**Problem description:**
The answer must consist only of the lines in the records below from the line with "Аренда Чернила УФ" to the line with "Design Thinking: Innovaci&oacute;n", both included, copied word for word with every picture left out.

**Data for analysis:**
....................
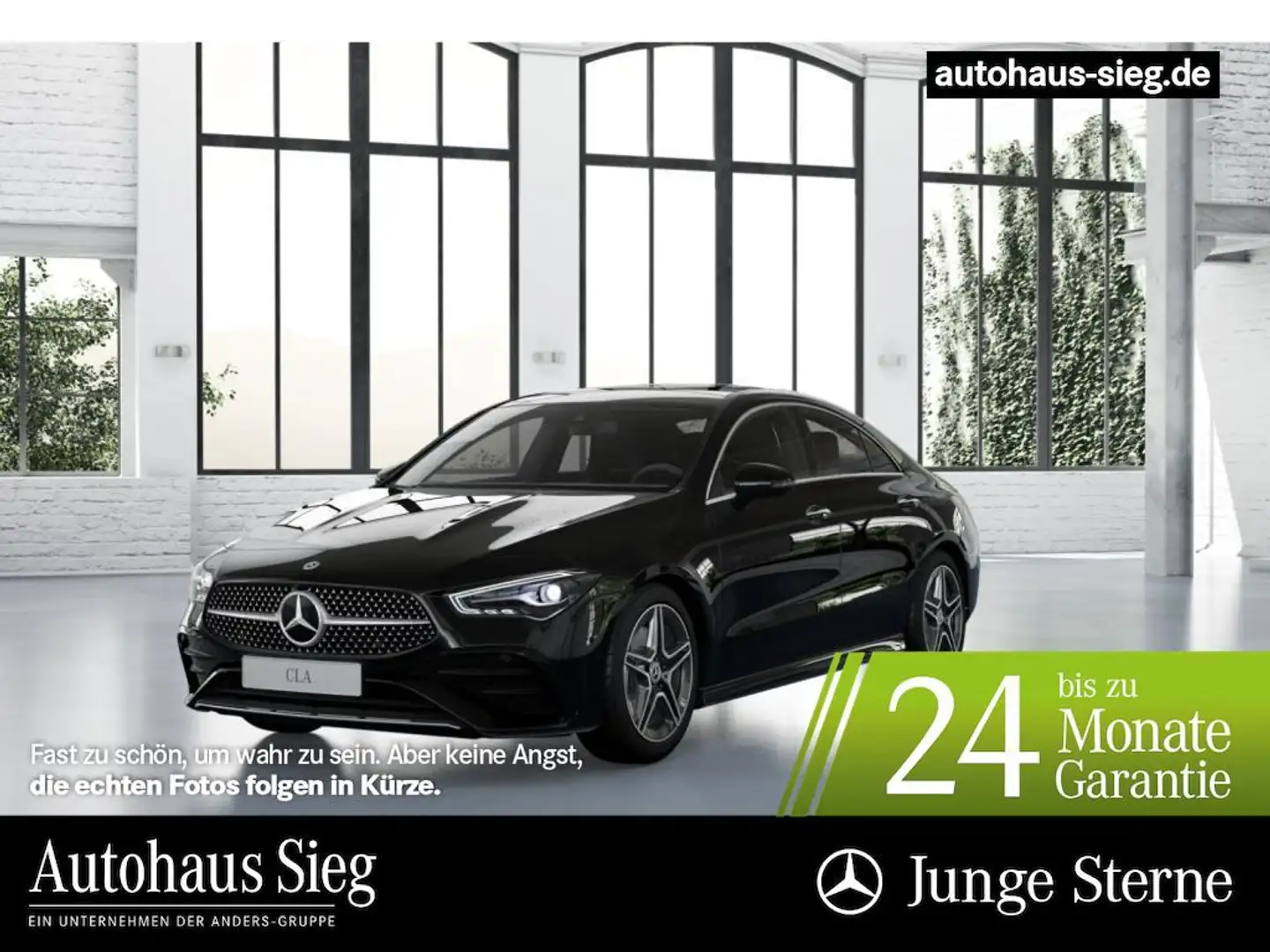 Mercedes-Benz CLA 220 d AMG PREMIUM+LED+Kam+Key+Pano+LHZ+Apple Schwarz - 1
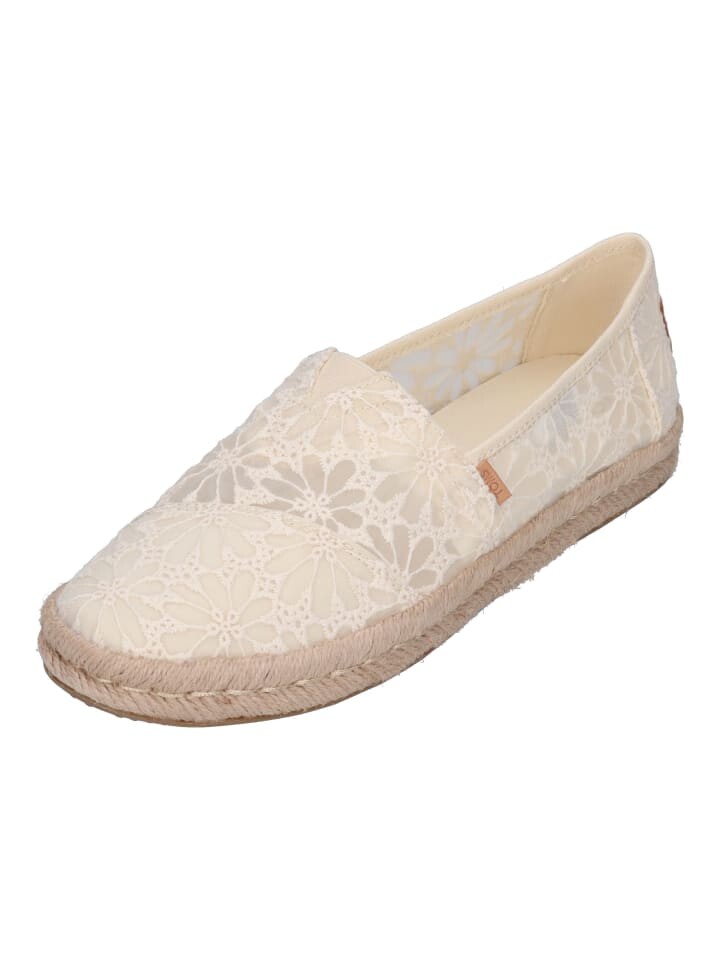 

Эспадрильи TOMS, натуральный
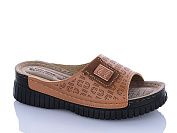 Шлепанцы Sali One 208-86 коричневий от магазина Frison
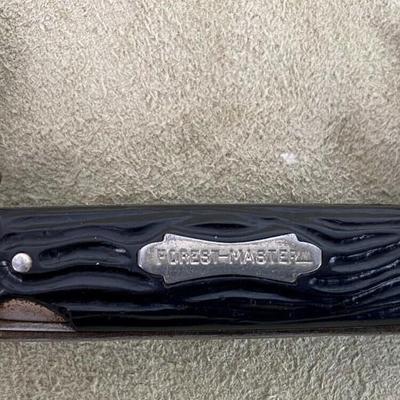  vintage COLONIAL USA FOREST MASTER CAMP KNIFE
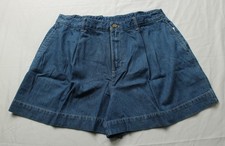 Old Navy Women's High-Waisted 4" OGC Chino Shorts RV6 Medium Wash Large NWT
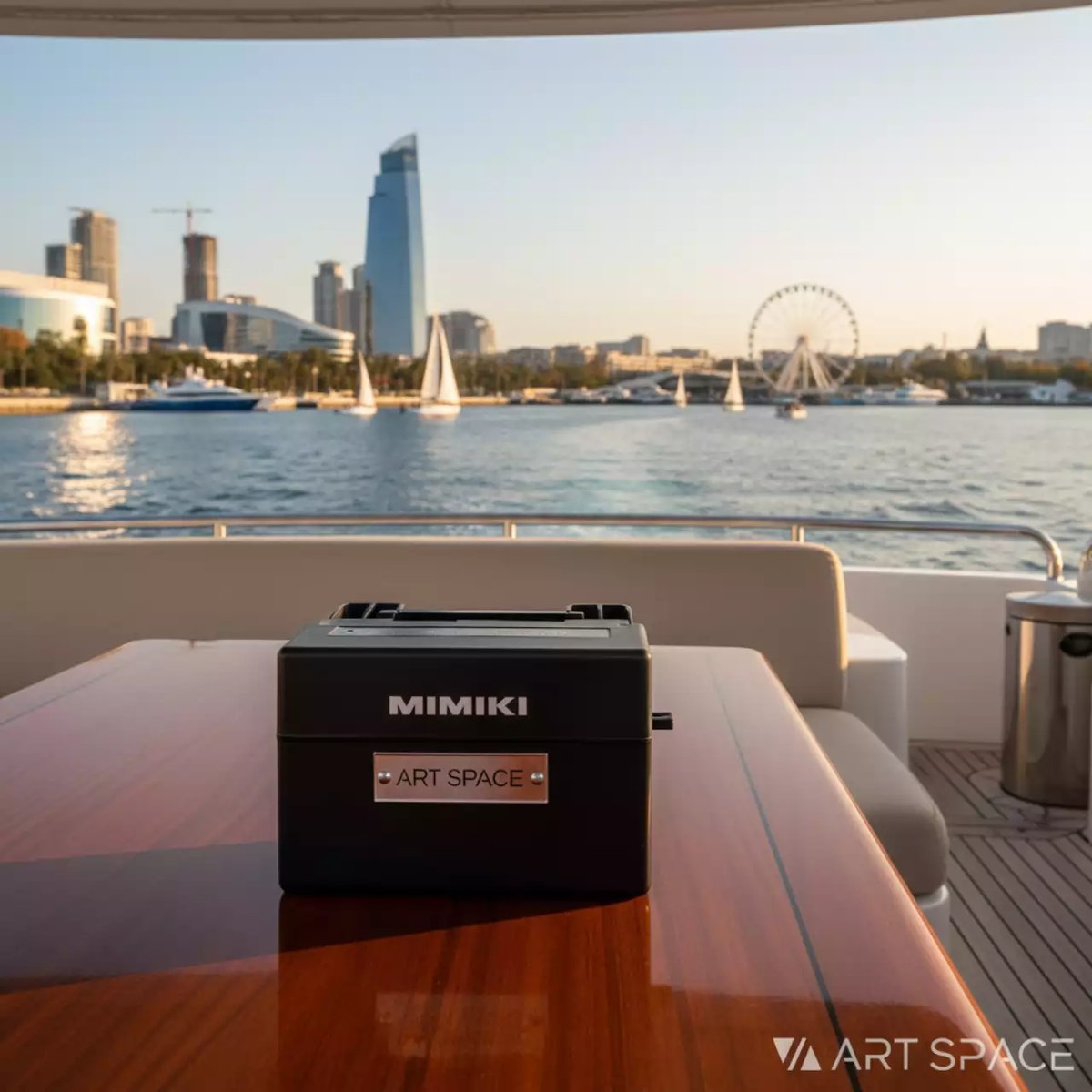 Аренда Чернила УФ Mimaki LUS 170UV LED черный 1000 мл на VIP теплоходе (Морпорт Сочи) — ART SPACE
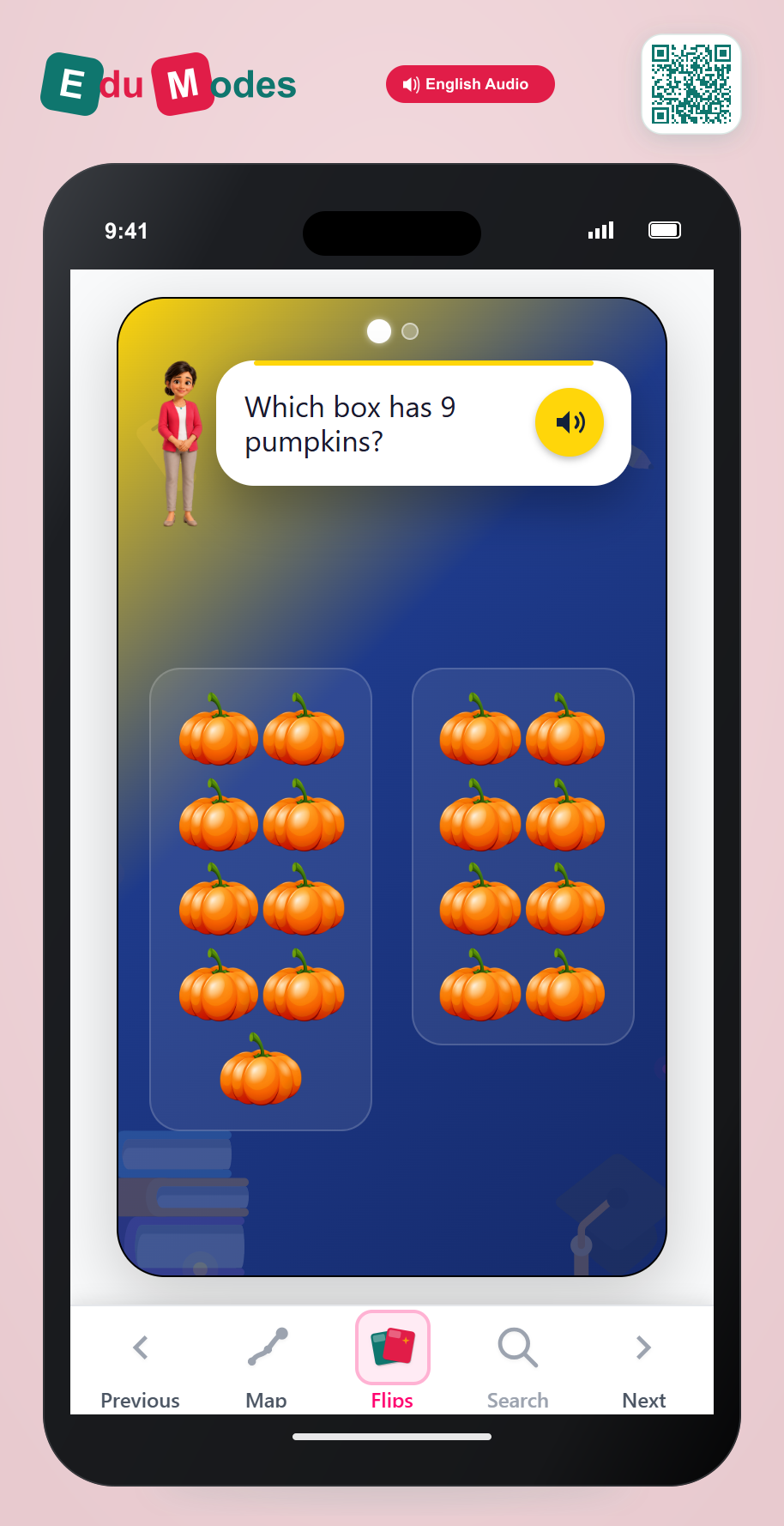 Count 9 and 10 - Interactive Learning Game Preview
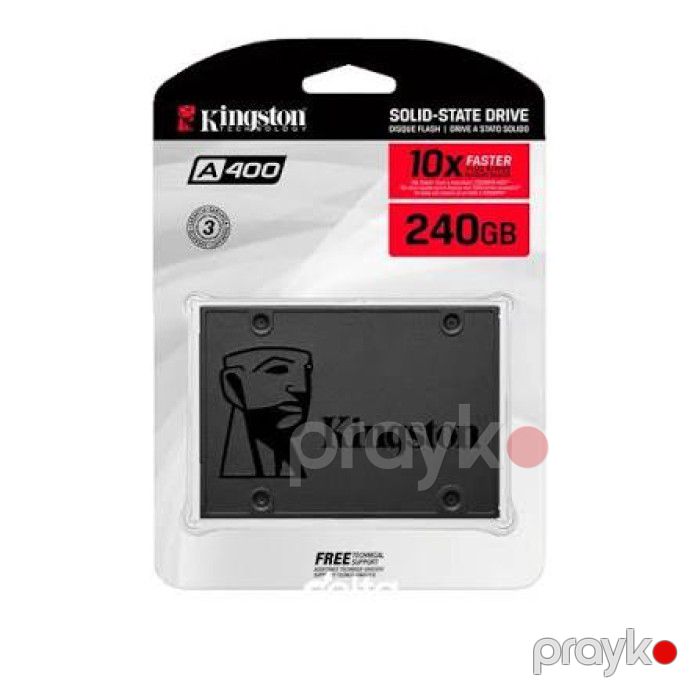 Kingston A400 240GB SA400S37/240G 2.5" sata ııı SSD 500/350 MB/s — Elektronika, Bakı (3)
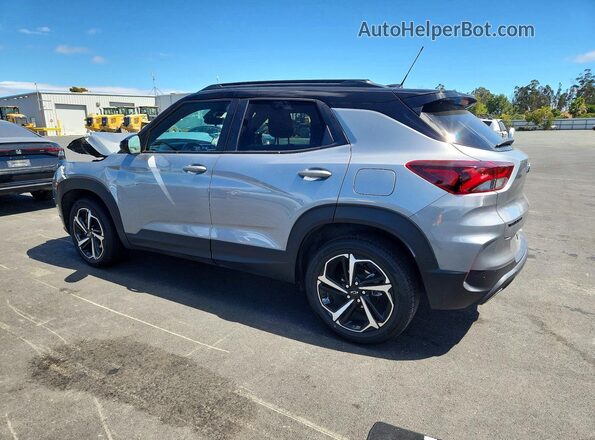 KL79MTSL4PB065577 2023 CHEVROLET TRAILBLAZER Серый Задняя левая четверть
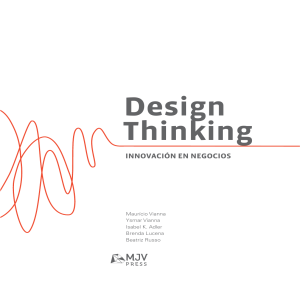 Design Thinking: Innovaci&oacute;n en Negocios - Libro de MJV Press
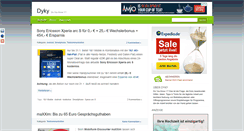 Desktop Screenshot of dyky.net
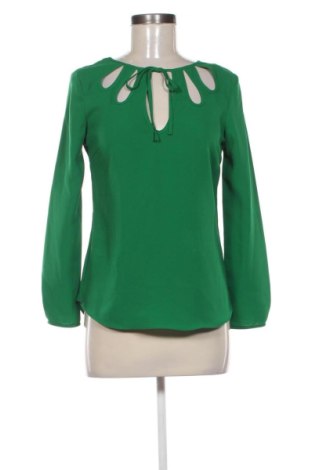 Дамска блуза Zara, Размер XS, Цвят Зелен, Цена 14,00 €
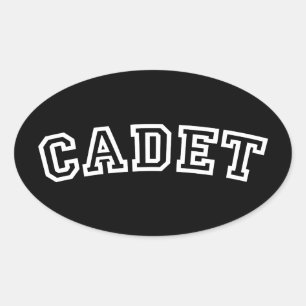 STICKER OVALE CADET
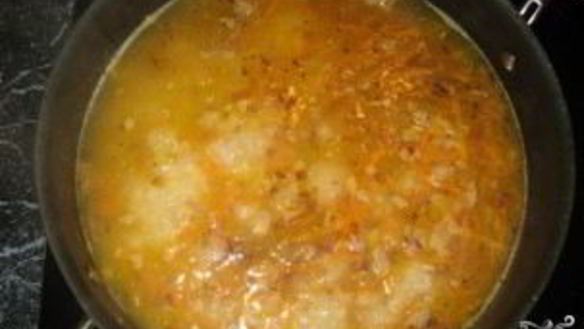 ШАГ 3. плов с морепродуктами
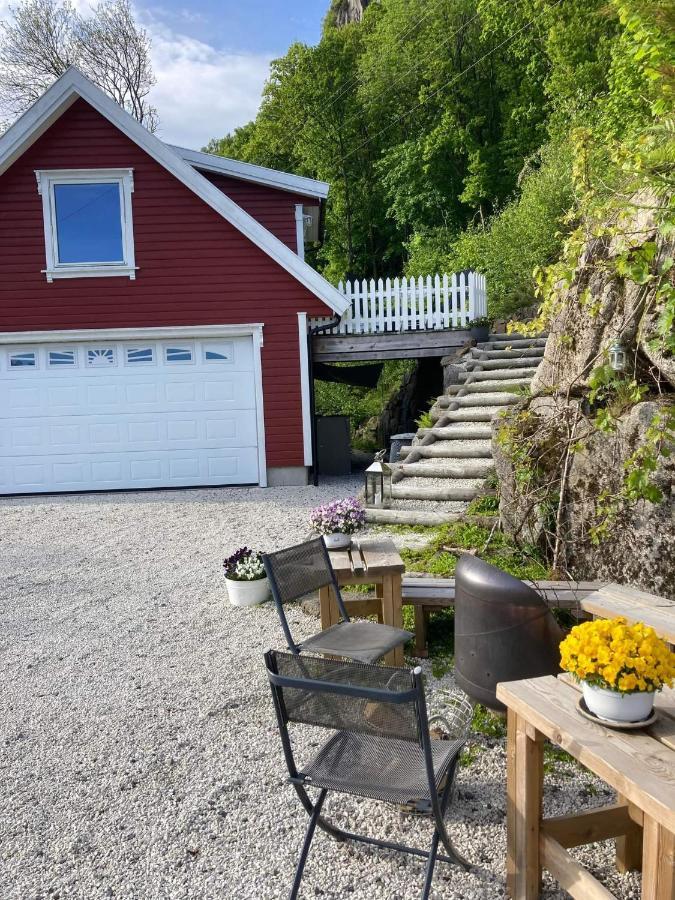 Anneks I Naturskjonne Gitlevag 灵达尔 外观 照片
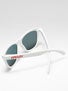 Oakley Polished White Frogskins Sunglasses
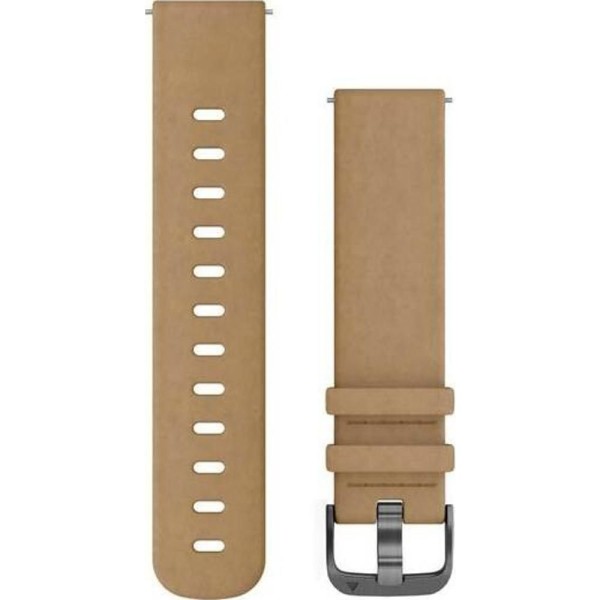 Quick Release 20mm Semiš Beige GARMIN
....................
**Task response:**
 Аренда Чернила УФ Mimaki LUS 170UV LED черный 1000 мл на VIP теплоходе (Морпорт Сочи) — ART SPACE
 Count 9 and 10 - Interactive Learning Game Preview
 Kingston A400 240GB SA400S37/240G 2.5" sata ııı SSD 500/350 MB/s — Elektronika, Bakı (3)
 KL79MTSL4PB065577 2023 CHEVROLET TRAILBLAZER Серый Задняя левая четверть
 Design Thinking: Innovaci&oacute;n en Negocios - Libro de MJV Press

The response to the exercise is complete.